→ Material for the task
◆ ◆ ◆ ◆ ◆

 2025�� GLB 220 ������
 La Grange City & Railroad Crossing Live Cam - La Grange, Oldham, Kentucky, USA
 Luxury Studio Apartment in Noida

◆ ◆ ◆ ◆ ◆

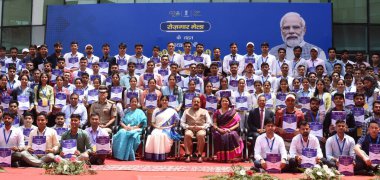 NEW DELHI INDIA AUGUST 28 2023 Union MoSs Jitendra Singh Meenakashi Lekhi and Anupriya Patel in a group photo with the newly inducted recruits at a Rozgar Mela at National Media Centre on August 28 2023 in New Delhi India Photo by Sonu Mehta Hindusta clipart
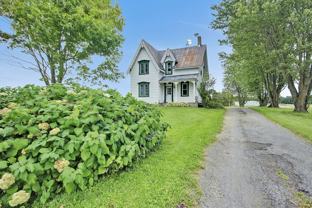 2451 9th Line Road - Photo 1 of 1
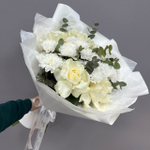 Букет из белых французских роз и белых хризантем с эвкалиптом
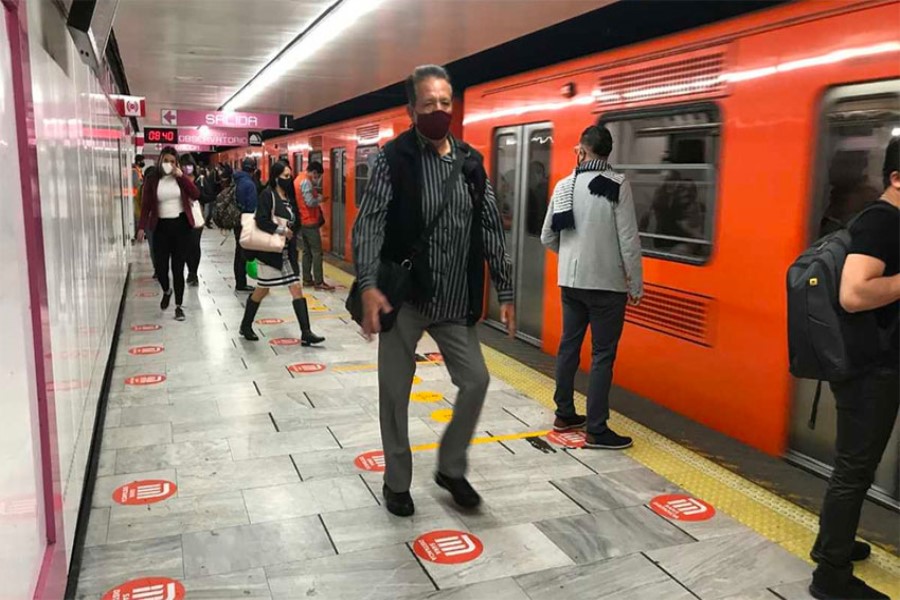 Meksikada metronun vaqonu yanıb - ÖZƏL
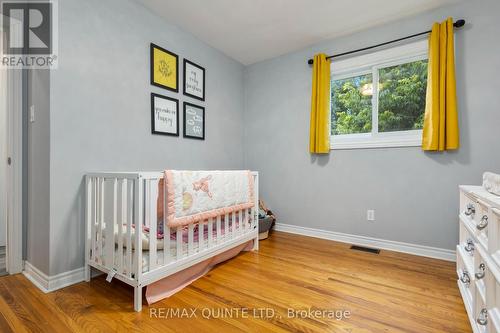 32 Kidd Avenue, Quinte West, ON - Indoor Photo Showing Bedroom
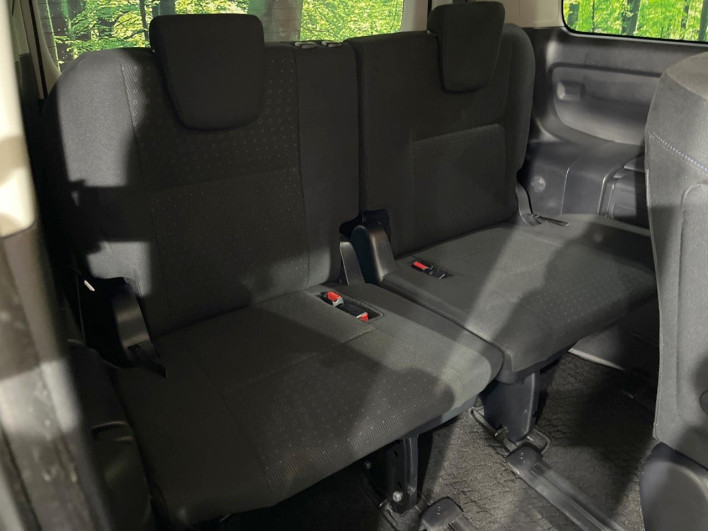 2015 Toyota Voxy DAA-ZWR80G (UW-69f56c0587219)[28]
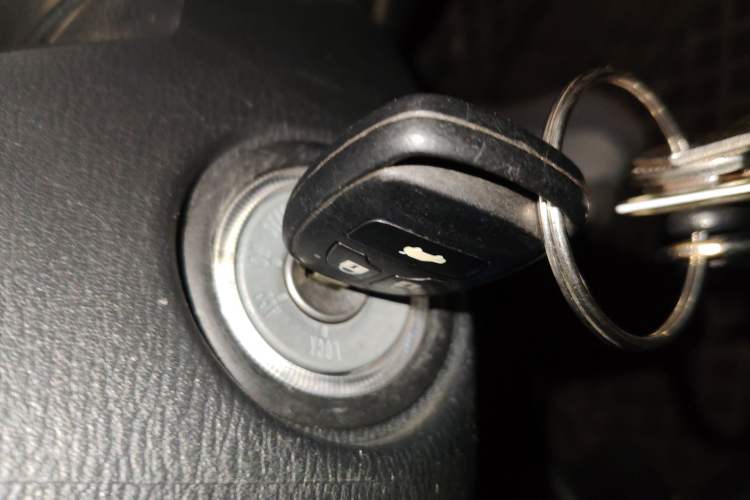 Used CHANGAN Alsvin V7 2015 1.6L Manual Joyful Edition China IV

◆ ◆ ◆ ◆ ◆

→ Exercise aim
An exact, complete copy of the lines above from the one with "2025�� GLB 220 ������" through the one with "Luxury Studio Apartment in Noida" is the whole answer.

→ Result of the task
 2025�� GLB 220 ������
 La Grange City & Railroad Crossing Live Cam - La Grange, Oldham, Kentucky, USA
 Luxury Studio Apartment in Noida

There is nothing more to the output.